++++ PROVIDED MATERIAL

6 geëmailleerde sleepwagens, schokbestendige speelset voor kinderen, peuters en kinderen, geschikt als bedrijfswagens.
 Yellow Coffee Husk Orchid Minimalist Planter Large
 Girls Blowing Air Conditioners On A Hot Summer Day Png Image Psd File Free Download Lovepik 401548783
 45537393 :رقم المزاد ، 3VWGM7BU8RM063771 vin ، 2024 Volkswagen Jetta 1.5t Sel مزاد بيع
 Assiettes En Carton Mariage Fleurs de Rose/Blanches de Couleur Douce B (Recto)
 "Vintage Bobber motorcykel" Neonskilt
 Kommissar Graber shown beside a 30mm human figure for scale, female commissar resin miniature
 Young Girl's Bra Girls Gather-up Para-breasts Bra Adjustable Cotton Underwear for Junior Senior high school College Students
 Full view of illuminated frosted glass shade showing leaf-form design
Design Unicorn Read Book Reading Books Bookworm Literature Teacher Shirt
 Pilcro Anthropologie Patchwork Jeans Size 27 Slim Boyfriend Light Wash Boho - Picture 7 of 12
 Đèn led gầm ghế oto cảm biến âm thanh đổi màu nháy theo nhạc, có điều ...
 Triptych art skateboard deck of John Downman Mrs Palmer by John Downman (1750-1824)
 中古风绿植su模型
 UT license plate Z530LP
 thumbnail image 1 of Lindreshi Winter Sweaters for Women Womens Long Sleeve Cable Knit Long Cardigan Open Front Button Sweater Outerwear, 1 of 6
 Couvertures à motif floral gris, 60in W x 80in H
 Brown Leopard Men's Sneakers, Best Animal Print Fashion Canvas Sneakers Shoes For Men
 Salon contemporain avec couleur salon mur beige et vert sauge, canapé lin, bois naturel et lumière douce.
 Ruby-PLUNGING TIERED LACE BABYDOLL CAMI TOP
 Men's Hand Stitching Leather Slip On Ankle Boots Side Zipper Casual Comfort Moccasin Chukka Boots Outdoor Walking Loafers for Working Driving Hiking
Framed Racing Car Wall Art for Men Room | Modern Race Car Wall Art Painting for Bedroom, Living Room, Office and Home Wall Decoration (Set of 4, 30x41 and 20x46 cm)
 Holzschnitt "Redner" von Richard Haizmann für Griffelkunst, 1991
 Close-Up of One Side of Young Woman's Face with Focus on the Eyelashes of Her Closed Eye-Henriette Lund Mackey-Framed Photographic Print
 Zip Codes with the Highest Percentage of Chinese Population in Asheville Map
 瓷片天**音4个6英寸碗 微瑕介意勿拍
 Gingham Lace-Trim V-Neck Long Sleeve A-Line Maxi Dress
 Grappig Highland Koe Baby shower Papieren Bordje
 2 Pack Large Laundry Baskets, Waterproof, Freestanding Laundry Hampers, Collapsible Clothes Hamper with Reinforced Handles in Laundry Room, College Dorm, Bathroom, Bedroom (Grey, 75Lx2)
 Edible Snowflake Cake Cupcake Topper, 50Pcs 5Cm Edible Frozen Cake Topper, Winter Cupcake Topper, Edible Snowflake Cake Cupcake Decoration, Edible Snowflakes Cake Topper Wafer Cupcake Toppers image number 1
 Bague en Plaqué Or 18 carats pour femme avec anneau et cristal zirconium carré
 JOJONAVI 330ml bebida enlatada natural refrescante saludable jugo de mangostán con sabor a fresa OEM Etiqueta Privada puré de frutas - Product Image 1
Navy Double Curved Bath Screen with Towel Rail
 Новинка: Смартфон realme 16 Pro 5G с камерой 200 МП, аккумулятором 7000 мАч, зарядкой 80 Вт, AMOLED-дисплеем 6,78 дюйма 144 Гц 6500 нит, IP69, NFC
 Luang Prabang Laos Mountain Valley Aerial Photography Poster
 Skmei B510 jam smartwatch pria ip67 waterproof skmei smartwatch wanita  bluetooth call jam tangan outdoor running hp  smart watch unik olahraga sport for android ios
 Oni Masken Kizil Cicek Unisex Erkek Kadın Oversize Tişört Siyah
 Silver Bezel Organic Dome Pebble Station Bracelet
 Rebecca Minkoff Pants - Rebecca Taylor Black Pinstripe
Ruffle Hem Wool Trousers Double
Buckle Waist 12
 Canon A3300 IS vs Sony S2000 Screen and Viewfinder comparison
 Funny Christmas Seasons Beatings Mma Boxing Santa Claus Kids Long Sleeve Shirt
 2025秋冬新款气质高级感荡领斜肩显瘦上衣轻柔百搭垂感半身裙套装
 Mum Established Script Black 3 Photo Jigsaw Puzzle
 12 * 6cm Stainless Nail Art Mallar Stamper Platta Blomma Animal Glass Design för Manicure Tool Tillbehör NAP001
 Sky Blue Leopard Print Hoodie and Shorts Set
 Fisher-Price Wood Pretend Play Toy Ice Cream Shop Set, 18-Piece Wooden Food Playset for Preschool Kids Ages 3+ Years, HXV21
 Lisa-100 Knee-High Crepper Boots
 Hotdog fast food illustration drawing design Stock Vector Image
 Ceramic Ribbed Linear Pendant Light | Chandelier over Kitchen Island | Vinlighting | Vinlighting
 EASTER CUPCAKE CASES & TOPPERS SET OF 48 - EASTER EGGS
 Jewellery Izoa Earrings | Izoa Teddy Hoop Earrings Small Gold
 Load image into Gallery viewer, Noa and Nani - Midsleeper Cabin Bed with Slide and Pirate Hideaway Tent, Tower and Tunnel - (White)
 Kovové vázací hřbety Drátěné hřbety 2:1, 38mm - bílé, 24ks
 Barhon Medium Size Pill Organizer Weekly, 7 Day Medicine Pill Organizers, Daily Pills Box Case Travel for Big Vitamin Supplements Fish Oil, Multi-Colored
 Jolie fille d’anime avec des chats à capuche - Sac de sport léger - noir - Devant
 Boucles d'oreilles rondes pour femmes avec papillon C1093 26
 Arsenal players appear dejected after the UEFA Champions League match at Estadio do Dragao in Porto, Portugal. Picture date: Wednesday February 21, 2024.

++++++++

WHAT THE EXERCISE ASKS: Using the exact wording, write out all of the records.

WRITTEN REPLY:
6 geëmailleerde sleepwagens, schokbestendige speelset voor kinderen, peuters en kinderen, geschikt als bedrijfswagens.
 Yellow Coffee Husk Orchid Minimalist Planter Large
 Girls Blowing Air Conditioners On A Hot Summer Day Png Image Psd File Free Download Lovepik 401548783
 45537393 :رقم المزاد ، 3VWGM7BU8RM063771 vin ، 2024 Volkswagen Jetta 1.5t Sel مزاد بيع
 Assiettes En Carton Mariage Fleurs de Rose/Blanches de Couleur Douce B (Recto)
 "Vintage Bobber motorcykel" Neonskilt
 Kommissar Graber shown beside a 30mm human figure for scale, female commissar resin miniature
 Young Girl's Bra Girls Gather-up Para-breasts Bra Adjustable Cotton Underwear for Junior Senior high school College Students
 Full view of illuminated frosted glass shade showing leaf-form design
Design Unicorn Read Book Reading Books Bookworm Literature Teacher Shirt
 Pilcro Anthropologie Patchwork Jeans Size 27 Slim Boyfriend Light Wash Boho - Picture 7 of 12
 Đèn led gầm ghế oto cảm biến âm thanh đổi màu nháy theo nhạc, có điều ...
 Triptych art skateboard deck of John Downman Mrs Palmer by John Downman (1750-1824)
 中古风绿植su模型
 UT license plate Z530LP
 thumbnail image 1 of Lindreshi Winter Sweaters for Women Womens Long Sleeve Cable Knit Long Cardigan Open Front Button Sweater Outerwear, 1 of 6
 Couvertures à motif floral gris, 60in W x 80in H
 Brown Leopard Men's Sneakers, Best Animal Print Fashion Canvas Sneakers Shoes For Men
 Salon contemporain avec couleur salon mur beige et vert sauge, canapé lin, bois naturel et lumière douce.
 Ruby-PLUNGING TIERED LACE BABYDOLL CAMI TOP
 Men's Hand Stitching Leather Slip On Ankle Boots Side Zipper Casual Comfort Moccasin Chukka Boots Outdoor Walking Loafers for Working Driving Hiking
Framed Racing Car Wall Art for Men Room | Modern Race Car Wall Art Painting for Bedroom, Living Room, Office and Home Wall Decoration (Set of 4, 30x41 and 20x46 cm)
 Holzschnitt "Redner" von Richard Haizmann für Griffelkunst, 1991
 Close-Up of One Side of Young Woman's Face with Focus on the Eyelashes of Her Closed Eye-Henriette Lund Mackey-Framed Photographic Print
 Zip Codes with the Highest Percentage of Chinese Population in Asheville Map
 瓷片天**音4个6英寸碗 微瑕介意勿拍
 Gingham Lace-Trim V-Neck Long Sleeve A-Line Maxi Dress
 Grappig Highland Koe Baby shower Papieren Bordje
 2 Pack Large Laundry Baskets, Waterproof, Freestanding Laundry Hampers, Collapsible Clothes Hamper with Reinforced Handles in Laundry Room, College Dorm, Bathroom, Bedroom (Grey, 75Lx2)
 Edible Snowflake Cake Cupcake Topper, 50Pcs 5Cm Edible Frozen Cake Topper, Winter Cupcake Topper, Edible Snowflake Cake Cupcake Decoration, Edible Snowflakes Cake Topper Wafer Cupcake Toppers image number 1
 Bague en Plaqué Or 18 carats pour femme avec anneau et cristal zirconium carré
 JOJONAVI 330ml bebida enlatada natural refrescante saludable jugo de mangostán con sabor a fresa OEM Etiqueta Privada puré de frutas - Product Image 1
Navy Double Curved Bath Screen with Towel Rail
 Новинка: Смартфон realme 16 Pro 5G с камерой 200 МП, аккумулятором 7000 мАч, зарядкой 80 Вт, AMOLED-дисплеем 6,78 дюйма 144 Гц 6500 нит, IP69, NFC
 Luang Prabang Laos Mountain Valley Aerial Photography Poster
 Skmei B510 jam smartwatch pria ip67 waterproof skmei smartwatch wanita  bluetooth call jam tangan outdoor running hp  smart watch unik olahraga sport for android ios
 Oni Masken Kizil Cicek Unisex Erkek Kadın Oversize Tişört Siyah
 Silver Bezel Organic Dome Pebble Station Bracelet
 Rebecca Minkoff Pants - Rebecca Taylor Black Pinstripe
Ruffle Hem Wool Trousers Double
Buckle Waist 12
 Canon A3300 IS vs Sony S2000 Screen and Viewfinder comparison
 Funny Christmas Seasons Beatings Mma Boxing Santa Claus Kids Long Sleeve Shirt
 2025秋冬新款气质高级感荡领斜肩显瘦上衣轻柔百搭垂感半身裙套装
 Mum Established Script Black 3 Photo Jigsaw Puzzle
 12 * 6cm Stainless Nail Art Mallar Stamper Platta Blomma Animal Glass Design för Manicure Tool Tillbehör NAP001
 Sky Blue Leopard Print Hoodie and Shorts Set
 Fisher-Price Wood Pretend Play Toy Ice Cream Shop Set, 18-Piece Wooden Food Playset for Preschool Kids Ages 3+ Years, HXV21
 Lisa-100 Knee-High Crepper Boots
 Hotdog fast food illustration drawing design Stock Vector Image
 Ceramic Ribbed Linear Pendant Light | Chandelier over Kitchen Island | Vinlighting | Vinlighting
 EASTER CUPCAKE CASES & TOPPERS SET OF 48 - EASTER EGGS
 Jewellery Izoa Earrings | Izoa Teddy Hoop Earrings Small Gold
 Load image into Gallery viewer, Noa and Nani - Midsleeper Cabin Bed with Slide and Pirate Hideaway Tent, Tower and Tunnel - (White)
 Kovové vázací hřbety Drátěné hřbety 2:1, 38mm - bílé, 24ks
 Barhon Medium Size Pill Organizer Weekly, 7 Day Medicine Pill Organizers, Daily Pills Box Case Travel for Big Vitamin Supplements Fish Oil, Multi-Colored
 Jolie fille d’anime avec des chats à capuche - Sac de sport léger - noir - Devant
 Boucles d'oreilles rondes pour femmes avec papillon C1093 26
 Arsenal players appear dejected after the UEFA Champions League match at Estadio do Dragao in Porto, Portugal. Picture date: Wednesday February 21, 2024.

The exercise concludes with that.